TASK ITEM:
Starting at the line that contains "Llanta exclusiva 2forge", write out every line to the end of the records below exactly, and leave out the pictures.

+++ RECORDS PROVIDED

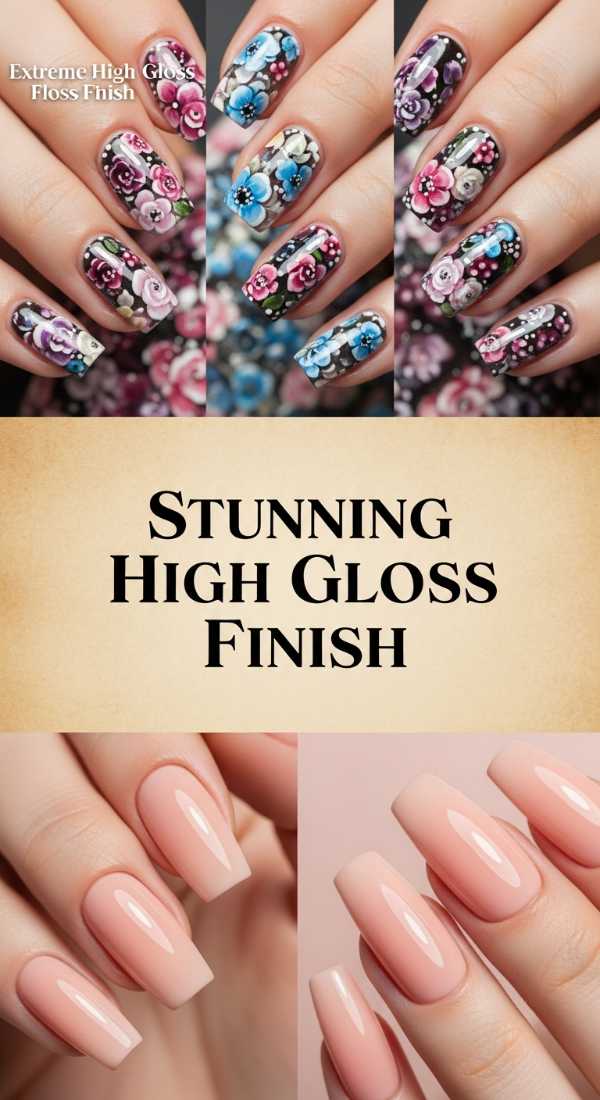 Stunning High Gloss Finish 69eb7266721e8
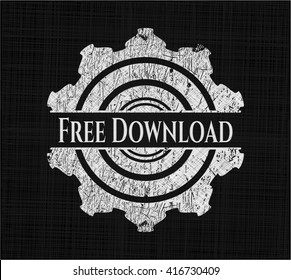 Free Download on chalkboard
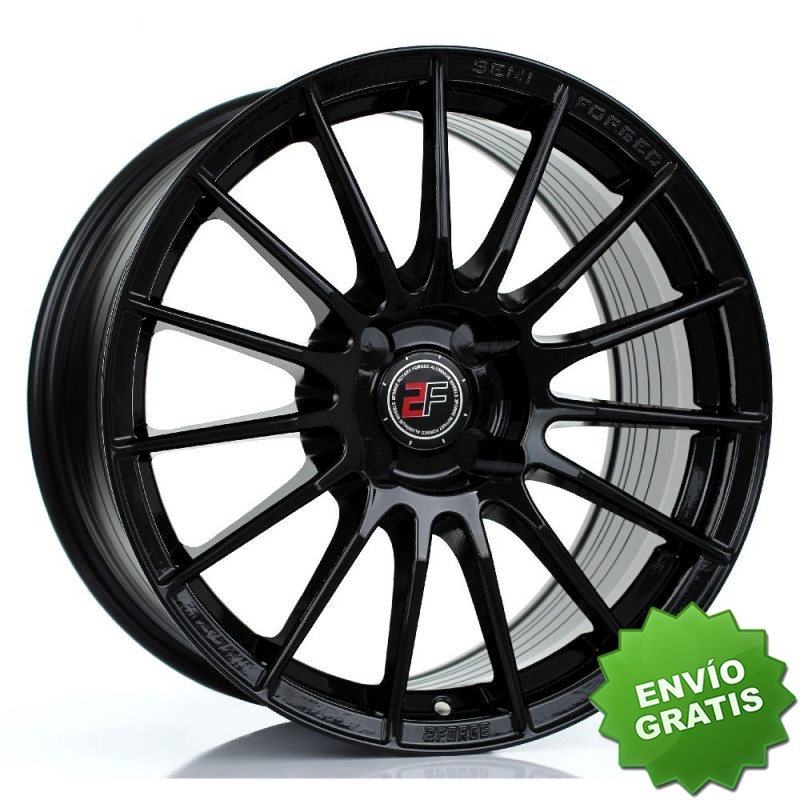 Llanta exclusiva 2forge Zf1 9.0x17 Et10 A 50 4x100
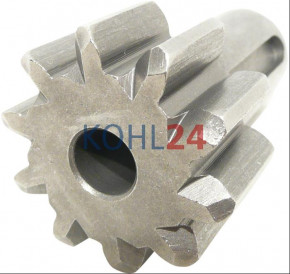 Ritzel für Anlasser der FKB-Serie Bosch 2006382178 2006382182 2006382188 10 Zähne Stahl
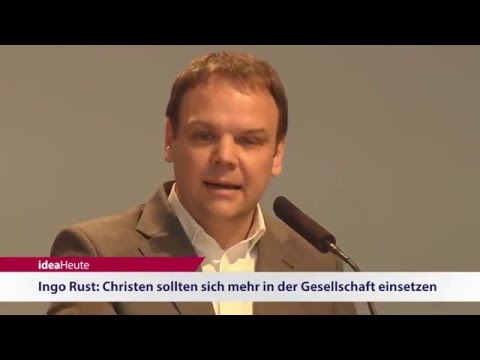 ideaHeute vom 17 03 2016 - Losungen - Sprachwahrer - SPD-Politiker Rust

++++++

REPLY TO THE TASK:
 Llanta exclusiva 2forge Zf1 9.0x17 Et10 A 50 4x100
 Ritzel für Anlasser der FKB-Serie Bosch 2006382178 2006382182 2006382188 10 Zähne Stahl
 ideaHeute vom 17 03 2016 - Losungen - Sprachwahrer - SPD-Politiker Rust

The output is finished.